April 18, 2014
In Virginia, only the governor can restore a felon's right vote and it used to take half a decade before they could apply for that right.
That all changed as Governor Terry McAuliffe announced Friday that he is cutting the waiting period for violent felons to apply for reinstatement of rights from five years down to three.
Attorney General Mark Herring (D) spoke on the issue while visiting the UVa Law School on Friday. He says that it's important to protect people's rights, not to take them away.
“If they are non-violent felons, they have paid their debt to society and we expect them to get their wheels back on the right track,” says Herring. “They too should have a say in through voting in their community.”
However, this change does raise a few concerns for lawmakers.

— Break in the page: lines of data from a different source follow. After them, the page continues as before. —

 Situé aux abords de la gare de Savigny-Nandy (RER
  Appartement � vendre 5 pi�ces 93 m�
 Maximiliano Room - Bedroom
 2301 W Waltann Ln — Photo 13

“We are giving them the right to sit on a jury, which is part of their civil rights, that much sooner,” says Delegate Rob Bell (R) of the 58th district. “I think that it's not unreasonable to say that if you've committed such a violent offense that it makes since to wait five years to say okay, you've got your life together now you can have your rights restored.”

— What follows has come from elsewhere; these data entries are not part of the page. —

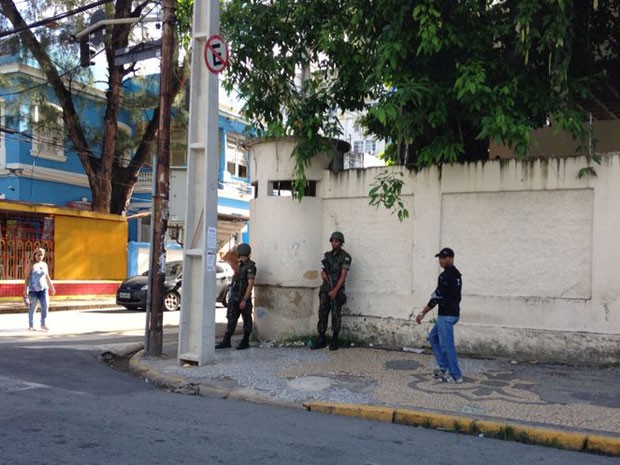 Militares ocupam ruas do Centro da capital pernambucana (Foto: Marcos Cirano/Acervo Pessoal)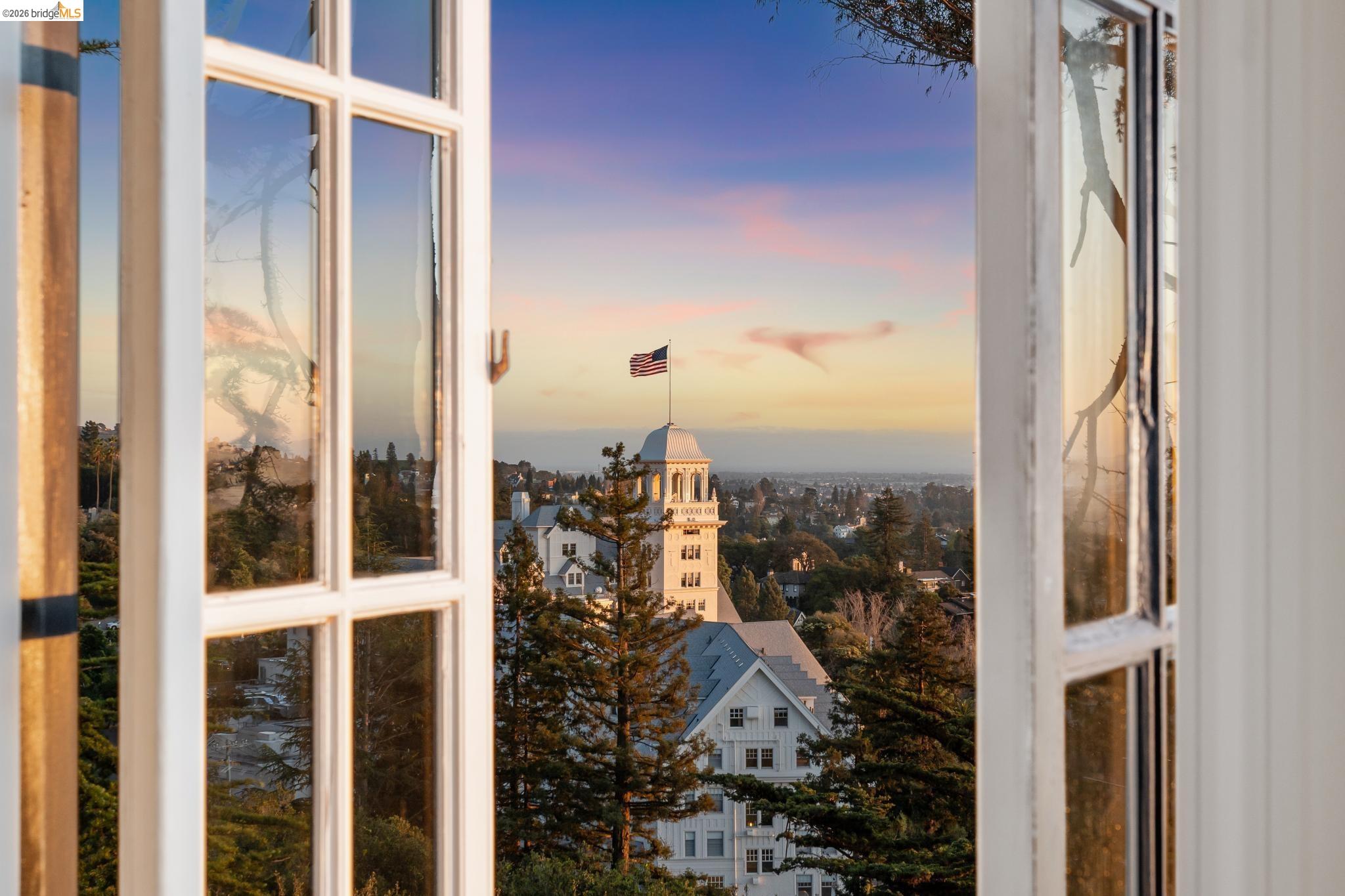 Detail Gallery Image 4 of 60 For 190 Stonewall Road, Berkeley,  CA 94705 - 4 Beds | 3/1 Baths
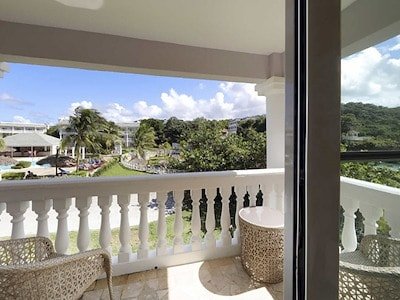 Suite Beachside Ocean View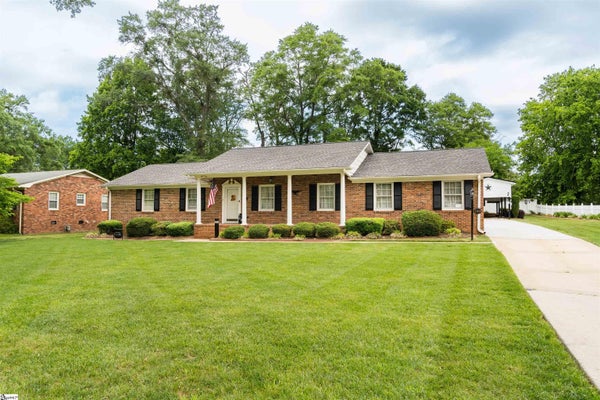 108 RIDGEWAY RD, SPARTANBURG, SC 29301 - Image a8b3c8f8c3ded3e517cbc49adfa369cc/262046031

Governor McAuliffe also changed the way drug crimes are classified, as they will no longer be an automatic violent felony. Now non-violent drug offenders will be able to apply to have their rights restored as soon as they finish their sentence.
The director of the Legal Aid Justice Center in Charlottesville says this is a step in the right direction.
“350,000 people are disenfranchised in Virginia as a result of these provisions,” says Mary Bauer. “One in five African-American adults is disenfranchised because of the drug provisions, so this is going to go a long way in making that better.”
Governor McAuliffe has already restored the rights of more than 800 Virginians since the beginning of his term.